To make things even worse, after getting back to the apartment block he finds the elevator doors broken yet again. After a slightly cringeworthy encounter with one of his neighbours, he finally gets a hold of a crowbar to pry open the doors.

Things go from bad to worse as the endless journey up descends into madness as reality and fiction start to merge together. Evil forces, eyeballs, and monsters all lurk around stopping him from getting back home.

Meanwhile, detective Adam Trust is investigating the disappearance of Alex’s girlfriend. Could Alex be responsible, or is there a bigger mystery afoot?


Almost My Floor plays a little bit differently to your average point and click game. As you navigate the building you will be obtaining items via a cursor you can bring up with the right stick; these can then be manipulated with the environment in the traditional way: expect puzzles such as taping up the eyehole of a door, allowing you to steal a bicycle spoke, for example. However, there’s also a healthy dose of puzzle and QTE minigames scattered about too. The former are generally pretty straightforward, but with enough variety in them to maintain your interest. QTEs on the other hand typically crop up under dangerous situations, requiring quick reflexes in order to make it out alive. The game saves after pretty much everything you do, meaning that any surprise deaths will only set you back a few seconds or so.

The puzzles here are nothing too complex, especially as each floor usually only consists of a couple of events that you need to overcome before heading to the next area. This restricted format removes any need for backtracking, but it also makes for a pretty easy game too. On the plus side, it does allow you to focus on the narrative without any lengthy interruptions while you figure out how to proceed.

The narrative itself is pretty interesting, since you take control of both Adam and Alex over the various chapters. Both play similarly, but their personalities differ greatly. Adam is a more caring and sympathetic character, whereas Alex is a bit of a scumbag. This attitude differs a little from Buck Bradley where the protagonist is obnoxiously horrible, since at least Alex is a bit more of a redeemable scumbag. His attitude also makes you question just how innocent he may be too, so there’s also some type of narrative reason for it. This is bolstered by certain moral choices that he can make throughout the game, which will affect the ending; whilst moral choices are hardly new to the genre, the interesting thing here is that different choices have different puzzle solutions making them far more rewarding.

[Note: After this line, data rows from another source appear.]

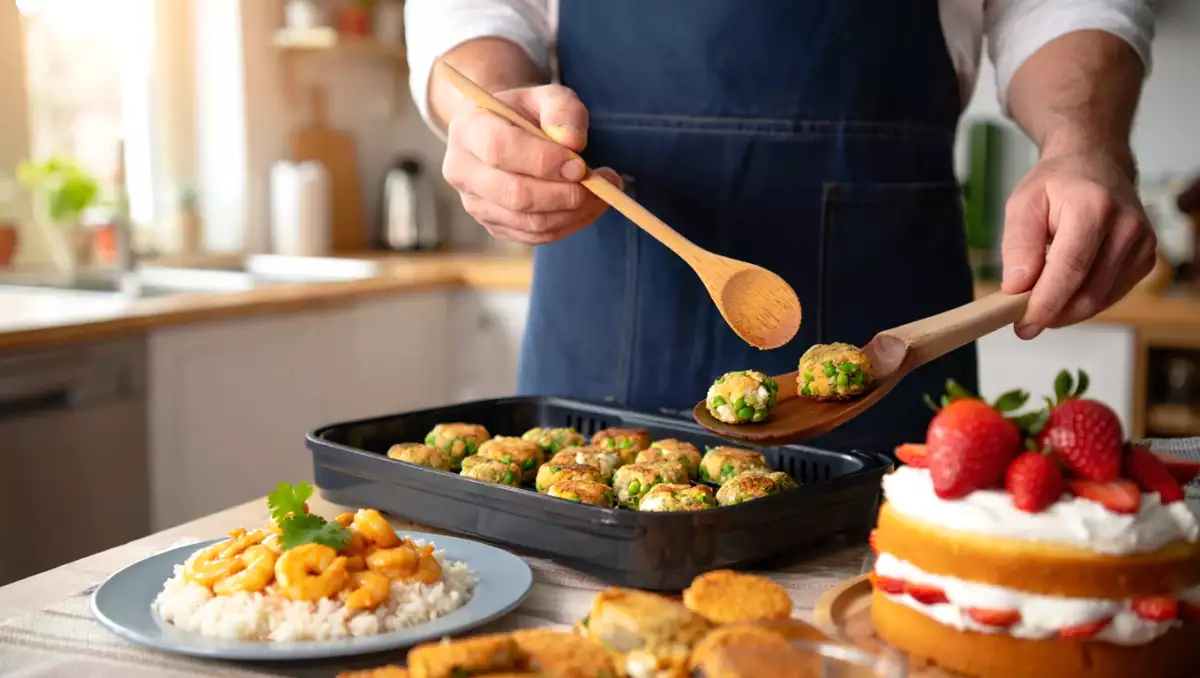 Meniul zilei, 6 iunie: chifteluțe de mazăre, curry cu creveți și tort cu căpșuni
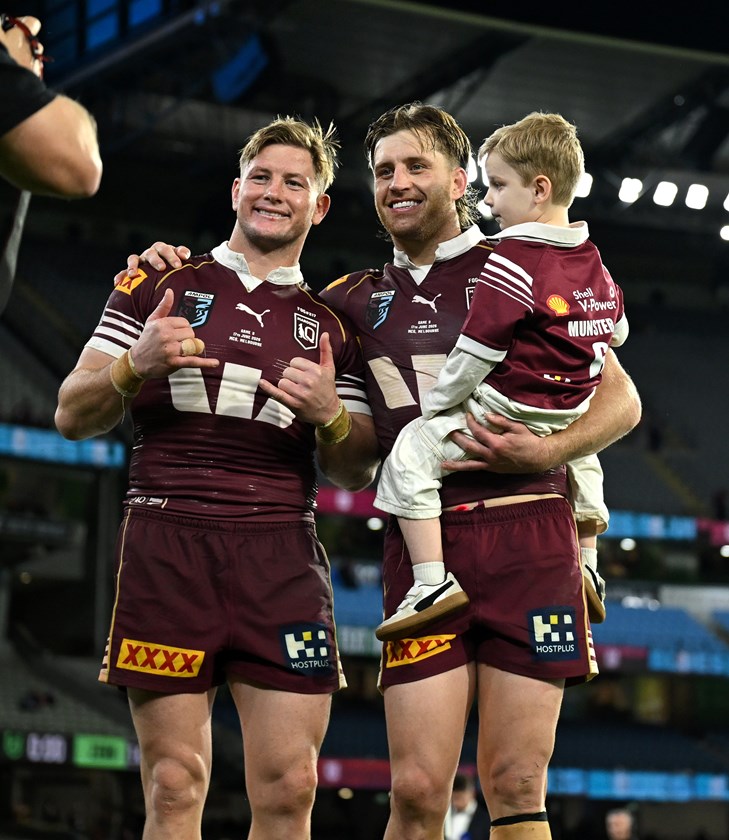 Harry Grant and Cameron Munster celebrate locking the series at 1-1 win a win at the MCG.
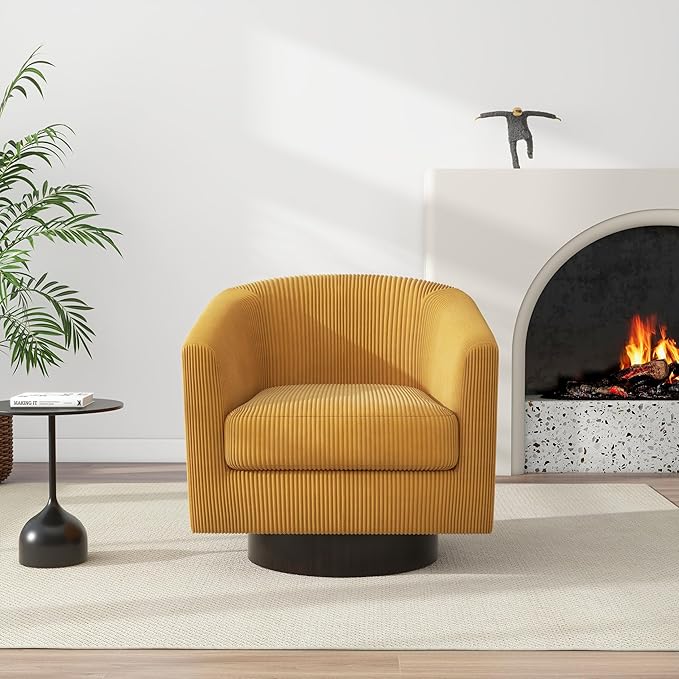 Swivel Barrel Accent Chair Modern Round Corduroy Fabric Arm Chair for Living Room Bedroom Comfy Club Reading Chairs for Adults (Corduroy Orange Set of 4)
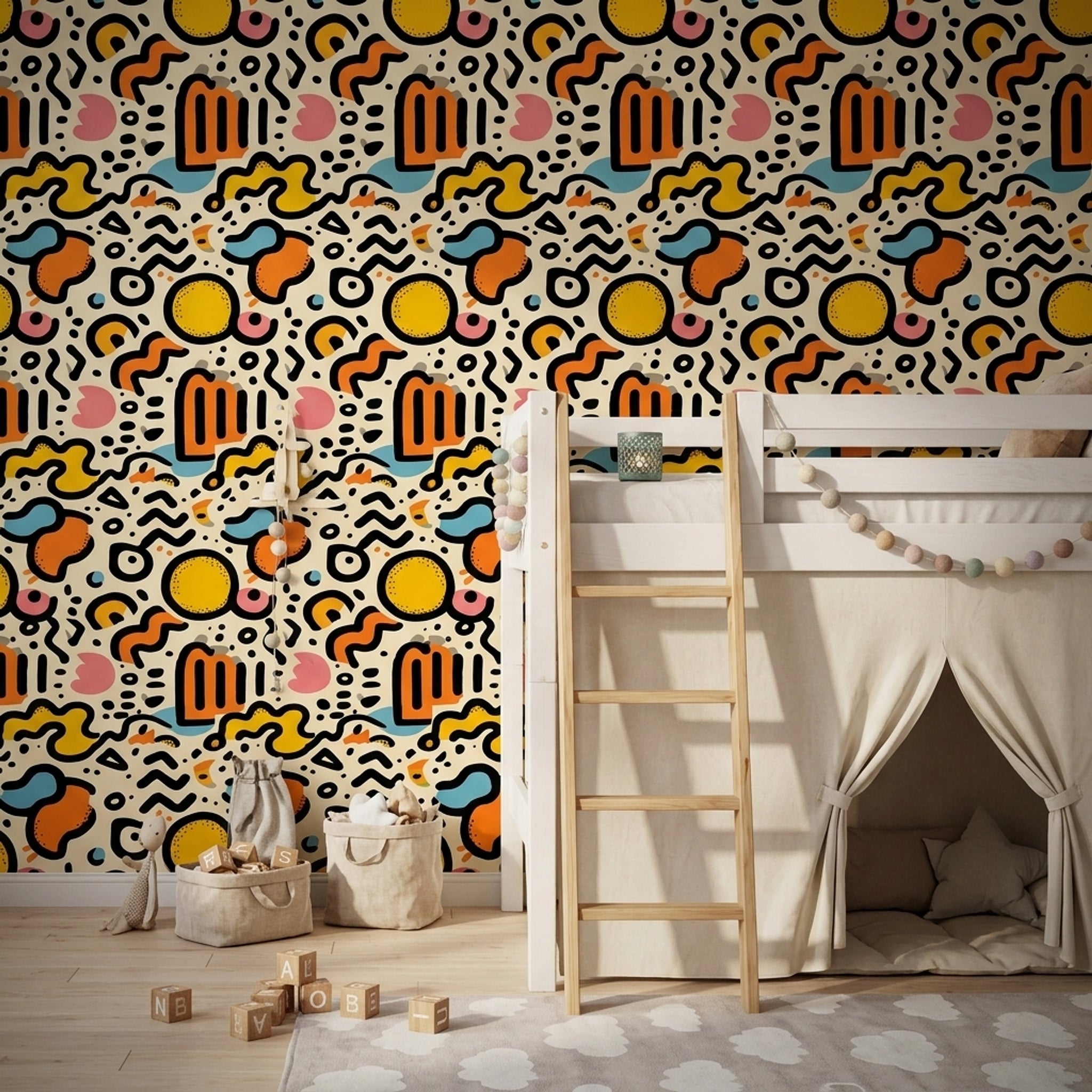 Memphis Style Wallpaper Abstract Removable Modern Wall Double Roll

It’s a simple game for sure, and the puzzles were straightforward enough that I rarely had to test my logic skills, but I found it enjoyable for the couple of hours I spent with the game. It’s not perfect, however, as the interesting plot certainly has some undercooked elements that don’t feel like they’re explained well, and some of the dialogue can be a little awkward from time to time, but it’s still enjoyable enough to keep you invested and the final resolution feels complete enough to make your journey worthwhile.


I was pretty surprised with Almost My Floor as it offered a rather different gameplay experience to what I was expecting. It has a decent amount of variety in a pretty well-presented package. The game may prove too easy for fans of the genre, and there may be the occasional plot issue, but otherwise it’s a game that horror fans may be interested in giving a shot!